No country can survive without TSMC. If China did take over Taiwan, the world would have to make peace with them, because it absolutely must have those chips. And by the way, the takeover might be more like Crimea than like Poland in WWII. China just takes over without a shot fired after a campaign of increasing pressure and assuming the result. Alternatively, they might have to take out Taiwan's air defenses/air power first. Then they can flood the zone. How much damage will the Taiwanese be willing to accept to avoid their fate? (No idea.)
Russia "took over" Crimea because Crimea was mostly populated with Russian speaking people that shared an affinity with Russia and were terrified of the violent takeover of fascist forces in Ukraine. Russia did not "pressure" Crimeans. They wanted eagerly to reunite with Russia in order to avoid being under the violent rule of Ukraine.

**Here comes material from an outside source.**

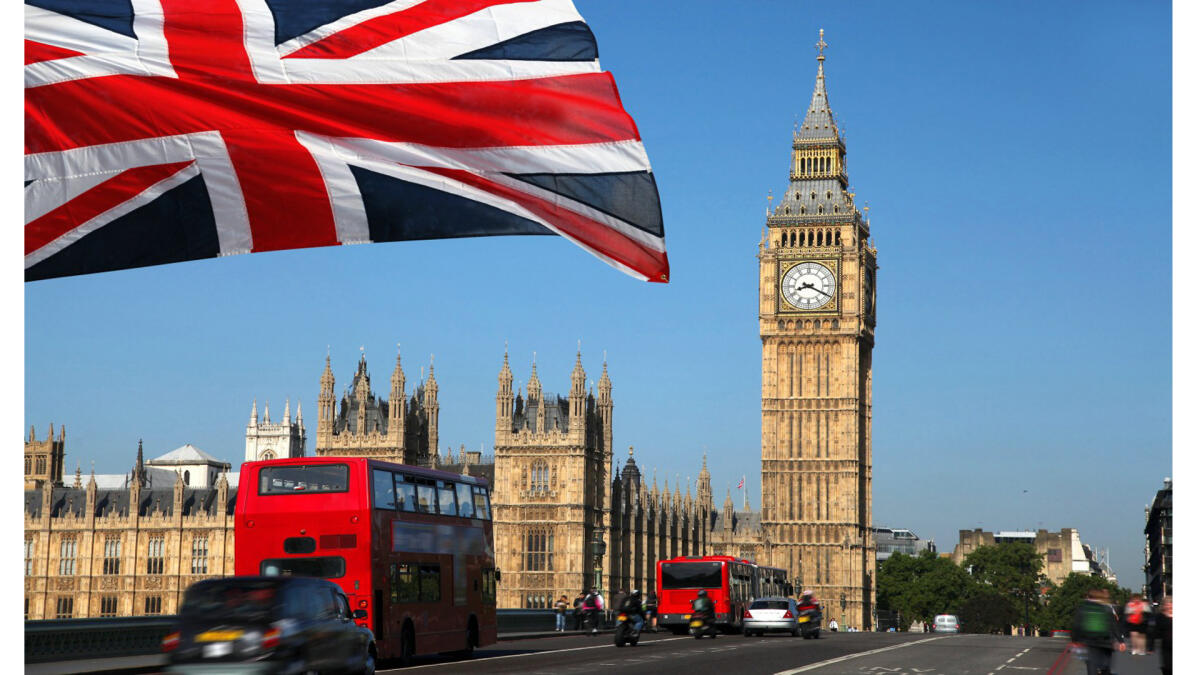 Britaniya rəqəmsal vergitutma sisteminin tətbiqini iki il müddətinə təxirə salıb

China needs to make a business offer to Taïwan, the kind of offer that cannot be refused. Everybody has his price. Whatever price Taïwan asks for, it will always be cheaper than war.

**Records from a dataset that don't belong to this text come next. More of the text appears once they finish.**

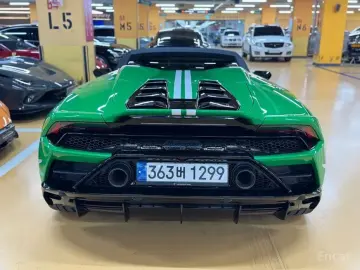 2023 Lamborghini Huracán с пробегом 60 км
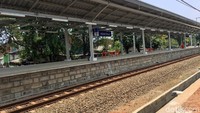 Peron di Stasiun Bekasi Timur.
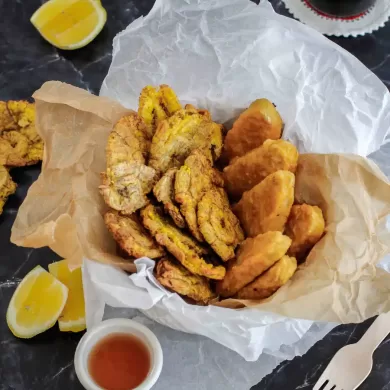 Zoe-Olive-oil-Fish-Tostones_900x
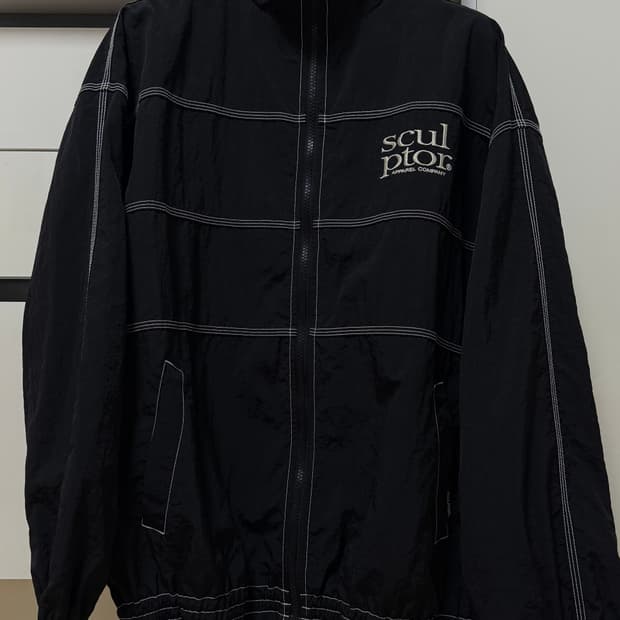 스컬프터 스티치 윈드브레이커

Thanks for the wonderful piece. I think pushing the economics a step further is important: if TSMC suffers via a loss of intermediates or a loss of customers, the company shrivels. If that happens, the staff become poachable, and throwing money at them helps move the expertise to the USA. You might need Walter White to build the fab, but if TSMC shrivels, Walter White becomes available.
All the processing equipment in the fabs comes from the US, Europe, or Japan. Each equipment manufacturer keeps a small contingent of home country engineers overseas, on rotation, to do any serious maintenance on the equipment. Without those overseas engineers, the overseas equipment knowledge, and overseas parts, none of the processing equipment continues to run. When the equiment cant be maintained, the fab cant produce product in the long term. My guess is the long term is on the order of 100 days.
Also, like there is no shortcut to go to the next node, there is no shortcut to build the next generation of processing equipment. The process machine knowledge has built up over generations of engineers and has been refined through feedback at each node of in-fab operation.
Semiconductors are just an example of the general point that it takes a world of specialized knowledge and inputs to produce any high technology product, as you suggested with your Xilinx example. Like it or not, no country is going to be able to have both high technology and independence. We are all going to have to get along, or go without.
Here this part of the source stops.